Not long ago, I was slow poking down a narrow backstreet.
And, as can happen if I decelerate, I got clear on something. I have made 100 rules to better myself: Check phone less and meditate more, only eat when seated, workout first thing. And I have broken 100 rules.
Then, the big whopper, I will not rule myself into a better human being.
I turned onto a little side street with small wooden houses painted in stately olives and creams trimmed with brassy purples and crimsons. I know that if a friend came to me sad over how she treats her body, I wouldn’t pummel her with rules. I would rub her back, listen close, ask gentle questions.
It is time to do that for myself. It is time to reclaim trust in myself, trust which dissolves the need for rules.

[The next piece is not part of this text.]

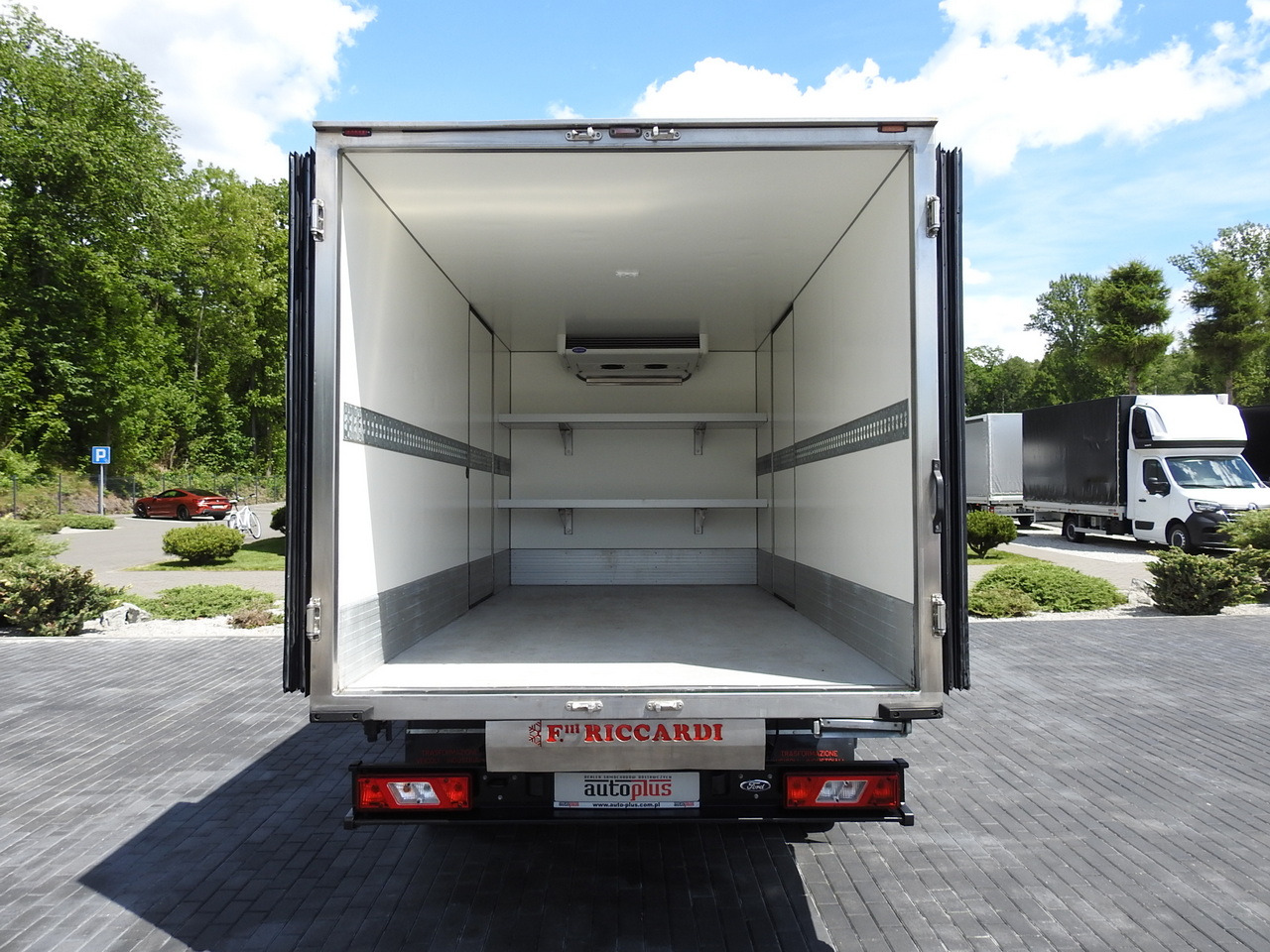 Dostavno vozilo hladnjača FORD TRANSIT REGRIGERATOR BOX 0*C POWER SUPPLY 230V CRUISE CONTROL AIR CONDITIONING TWIN WHEELS  170HP: slika 13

We are born with self-trust, I am sure of it. Trust that we can learn to walk, even though last time we tried, we fell more than stepped, and trust that we can learn to talk, even though nobody understood the last words we said.
But there’s little modeling for self-trust and plenty for self-mistrust. I can’t trust myself at that bakery! I can’t be trusted with money in my pocket. I’m the kind of person who starts things and never finishes them. It becomes normal to switch off our faith in ourselves and make harsh rules to keep ourselves in line.
Wait, though! There’s some diamond in this rough. I walk very slowly now, looking like I’ve lost something. I haven’t though; we don’t lose our self trust. It’s still in us, buried under all that crummy modeling and conditioning like beautiful earth buried under plain old pavement.
How, then, to peel back all that separates us from ourselves? I think we can start by rubbing our own back, listening close to our own selves, asking gentle questions. Decelerating.
So on one narrow sidestreet or another, I made not a rule, but a resolution: relearn to trust self.